In August I was part of an official delegation with the US Commission on International Religious Freedom, where I serve as a commissioner, to speak in Baghdad at the Yazda Five Year Commemoration of the Yazidi Genocide in Sinjar. My trip last week, however, was in my own personal capacity to investigate current conditions for religious minorities in the Nineveh Plains. While driving between Mosul and Erbil, I passed through 11 checkpoints manned mainly by militias loyal to Iran. The word “militia” can be misleading, as this is not the kind of volunteer groups found in the United States. These militias, also called the Hashd al-Shaabi or Popular Mobilization Forces or Units (PMF or PMU), have their salaries paid by the Iraqi government, but most take their orders from religious leaders in Tehran. This summer the prime minister issued a decree demanding they come under the Iraqi Security Forces by July 31, which was widely ignored. It should be noted that many Iraqis have served honorably with these forces, especially in the fight against ISIS, or those currently employed with no other job prospects. The plan for their removal must be strategic and careful in order to avoid a repeat of the army dissolution disaster of 2008.
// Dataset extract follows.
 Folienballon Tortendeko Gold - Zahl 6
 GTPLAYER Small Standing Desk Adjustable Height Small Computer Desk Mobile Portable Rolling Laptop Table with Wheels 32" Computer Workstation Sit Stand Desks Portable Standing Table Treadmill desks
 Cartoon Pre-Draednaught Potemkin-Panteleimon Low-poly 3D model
While some militias predate ISIS, others were created, trained, and armed in order to fight the Islamic State, some even trained by the United States. The Caliphate has been destroyed, and yet Christians, Yazidis, and other religious minorities—or “components,” as they prefer to be called—have not been able to return home because of the presence of these forces. In fact, Christians continue to leave the Nineveh Plains each week because of safety concerns. While ISIS committed genocide focusing on those they considered to be “infidels,” these militia members target the same community with harassment and violence. This past July, the US government sanctioned two militia leaders from the 30th Brigade and the 50th Brigade under the Global Magnitsky Human Rights Accountability Act for a variety of abuses, including “physical intimidation, extortion, robbery, kidnapping and rape,” looting and selling land illegally, and other actions.
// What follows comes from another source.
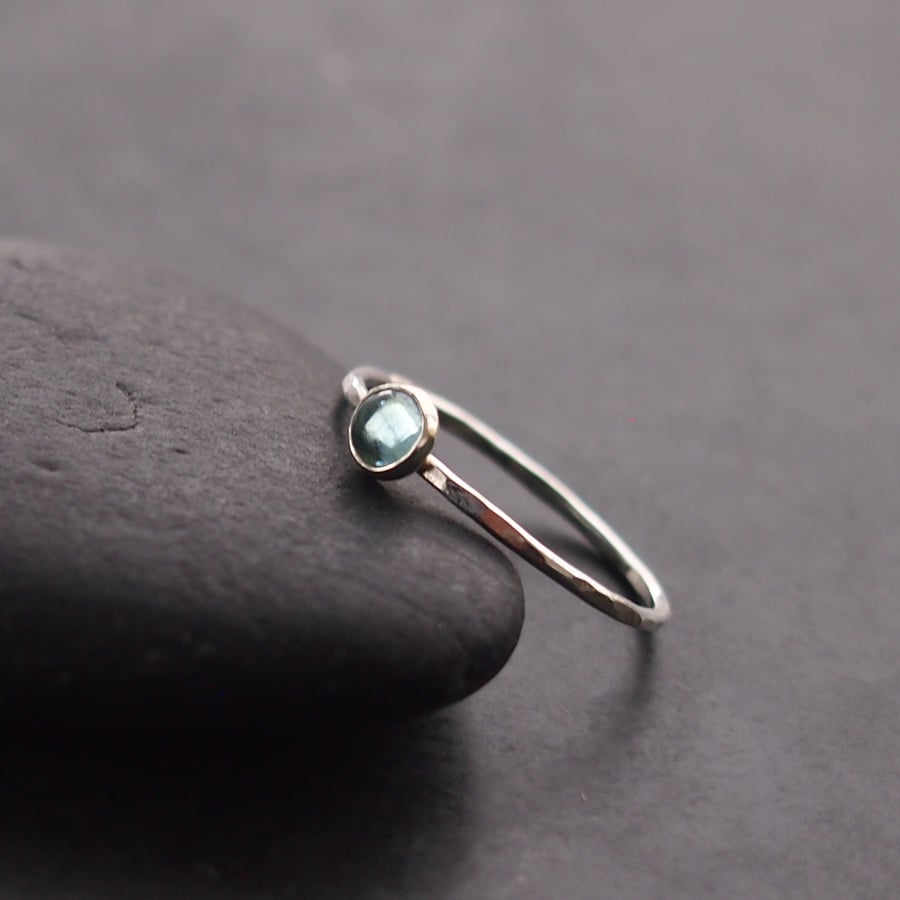 Skinny Stacking Ring with Pale Blue Aquamarine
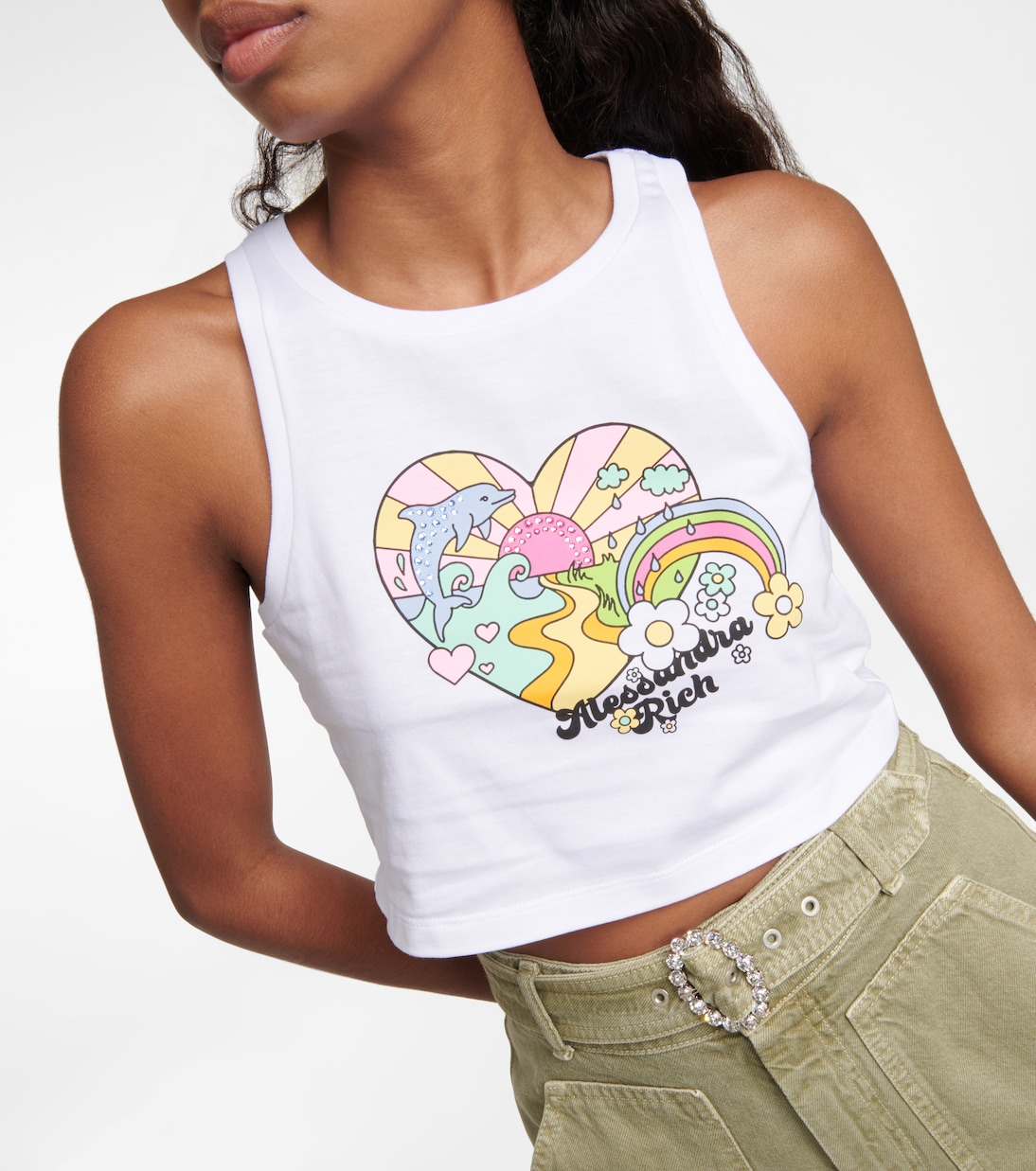 Cropped-Top aus Baumwoll-Jersey | Alessandra Rich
The 2019 Iraqi budget allocates $2.16 billion to fund over 50 different militias with official reports of 150,000 members, although some put this number to be as low as 85,000. Either way, it is a substantial force outside Iraqi government control. Funds above the salaries and expenses are likely split between Tehran and lining the pockets of the corrupt militia leaders. This is during a time where water, electricity, and other essential services are unreliable. It is no wonder that thousands of young Iraqis have taken to the streets to demand the end of corruption and Iran’s influence in their country. It is the only chance for Iraq to become a stable and successful country.
Last year Vice President Mike Pence directed the United States Agency for International Development (USAID) to disburse funds in the Nineveh Plains to help Christians and Yazidis rebuild their homes and communities. With over 1.5 million Christians in Iraq before the US-led invasion in 2003, there are now fewer than 200,000. While some report that 50 percent of the 120,000 Christians have returned to the Nineveh Plains, officials on the ground believe the return is actually lower, with a sharp gap between the two main Christian districts. In Hamdaniya approximately 40 percent have returned, but only 5 percent have in the Talkaif District. The Yazidi community has also been devastated with only 10–20 percent having returned and most still in internally displaced person (IDP) camps in Kurdistan, a full five years after they were driven from their homes.
USAID’s results in Iraq have been impressive. They have assembled reliable partners in order to rebuild homes, community centers, family farms, businesses, schools, and even just completed an investment conference focusing on the Nineveh Plains. By every benchmark, they are meeting their goals but are running into one major problem: Christians, Yazidis, and other religious minorities are still not able to return because of the security concerns created by these militias.
The United States and the international community could make a difference in the future of Iraq by informing the incoming government that there will be no investment or access to capital markets until these militias, and Iranian influence, have been eliminated. Then plans need to be made for religious minorities to have a role in their own governance. Imagine how quickly Iraq could rebound if funds were treated as investments in the people and the economy—instead of payoffs to corrupt politicians and Tehran.